• [Task description]:
Using the data below, output a verbatim copy of the lines between the one holding "wheat production field" and the one holding "The A6 1,000", inclusive, without any pictures.

• [Records for the exercise]:
=== Begin Enclosure ===

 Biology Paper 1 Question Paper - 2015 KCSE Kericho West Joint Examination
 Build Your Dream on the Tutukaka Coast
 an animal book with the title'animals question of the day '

=== End Enclosure ===
=== Begin Enclosure ===

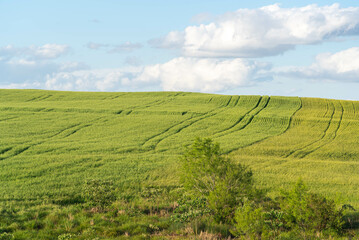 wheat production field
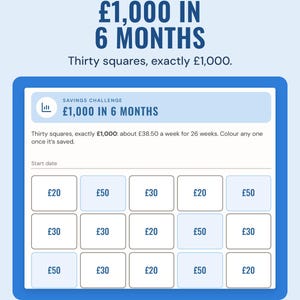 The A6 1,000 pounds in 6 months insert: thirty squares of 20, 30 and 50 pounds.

=== End Enclosure ===

• [Response area]:
 wheat production field
 The A6 1,000 pounds in 6 months insert: thirty squares of 20, 30 and 50 pounds.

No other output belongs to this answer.